*To do*
Your answer should hold exactly the lines beginning with the one that contains "南水北调渠首航拍丹江口" and ending with the last line of the material, both included. Leave every picture out.

*Data for processing*
■ ■ ■ ■ ■

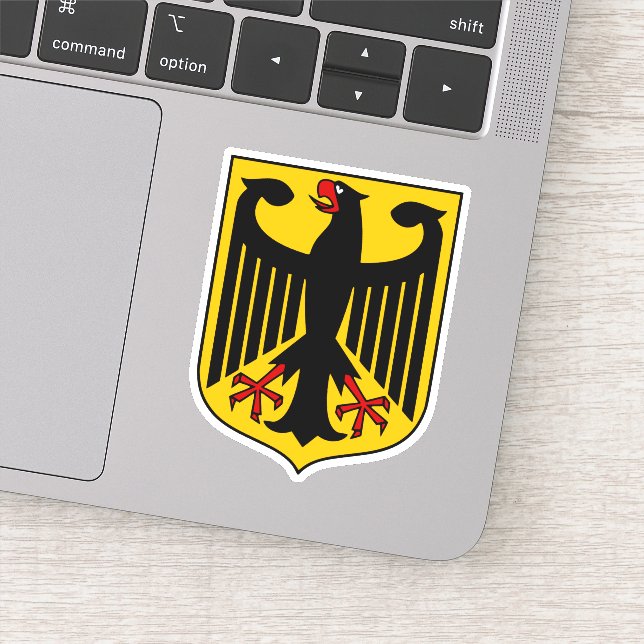 Germany flag sticker (Detail)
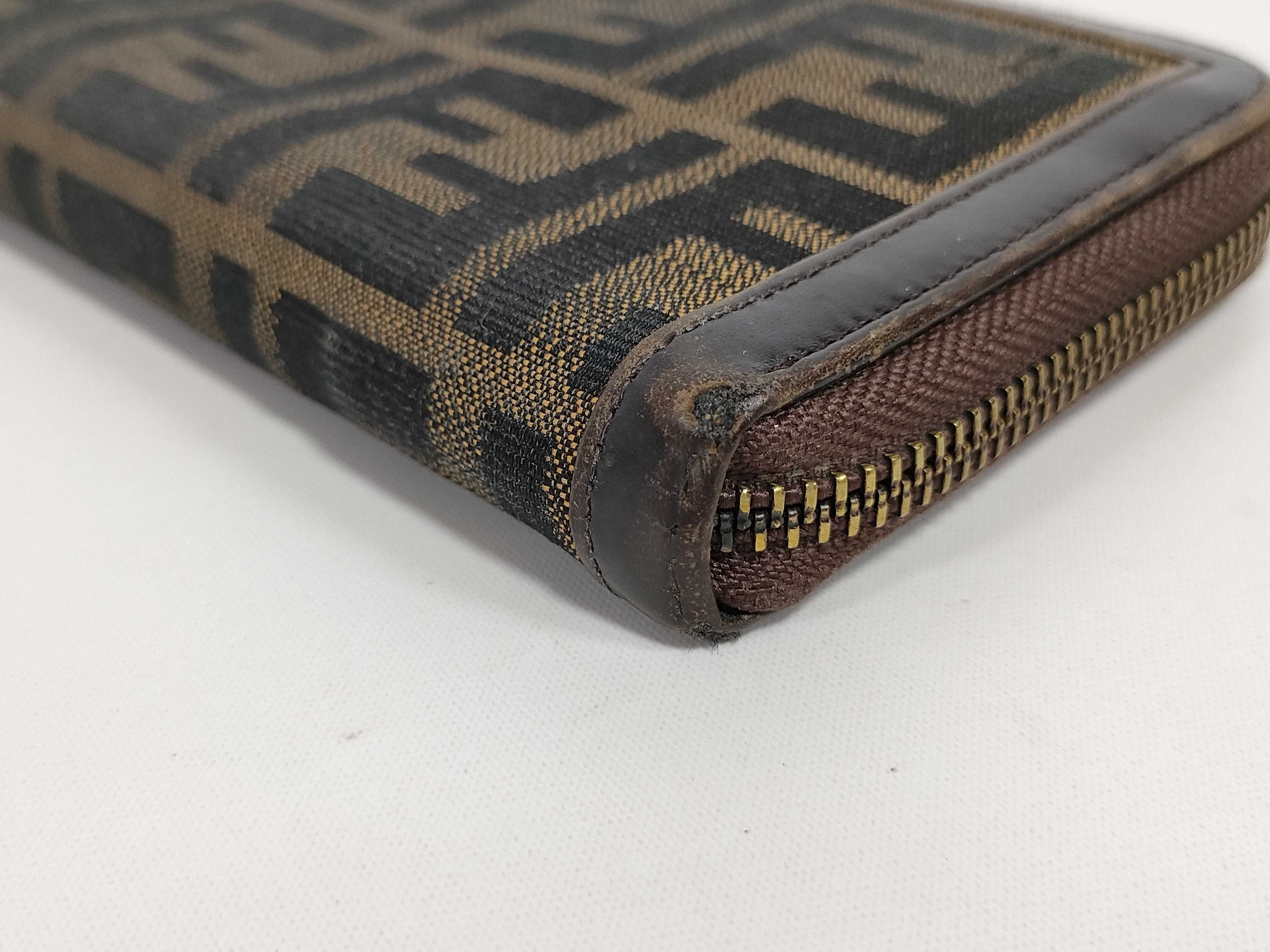 Zucca pattern round zip wallet — view 4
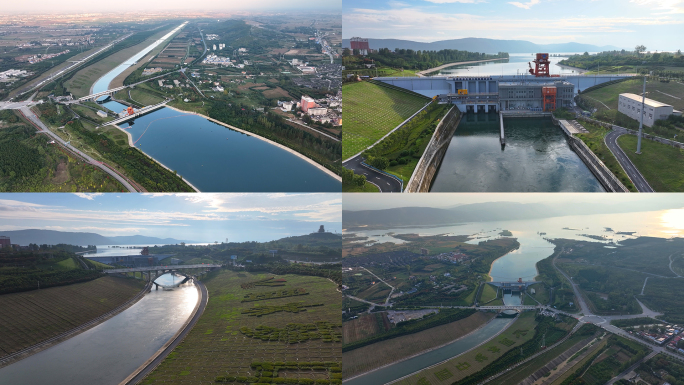 南水北调渠首航拍丹江口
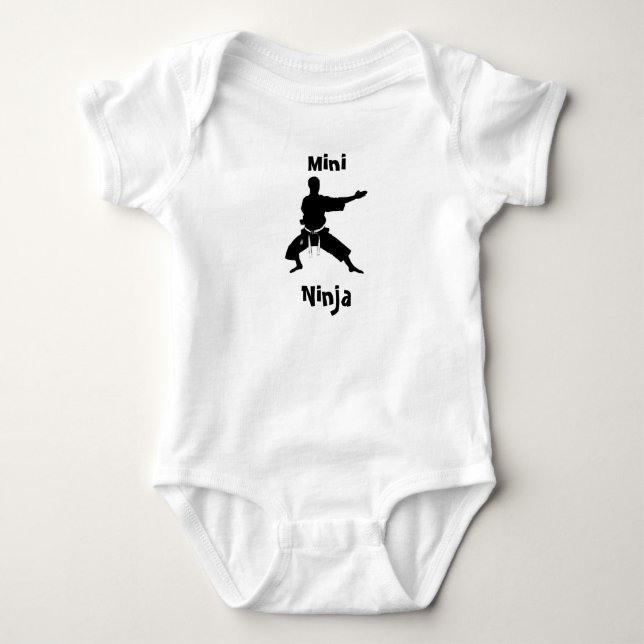 Body mini babygrow de ninja (Devant)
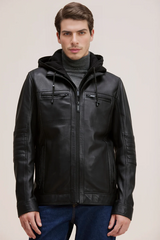 The PrimeFit Urban Biker Leather Jacket for men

■ ■ ■ ■ ■

*Task output*
 南水北调渠首航拍丹江口
 Body mini babygrow de ninja (Devant)
 The PrimeFit Urban Biker Leather Jacket for men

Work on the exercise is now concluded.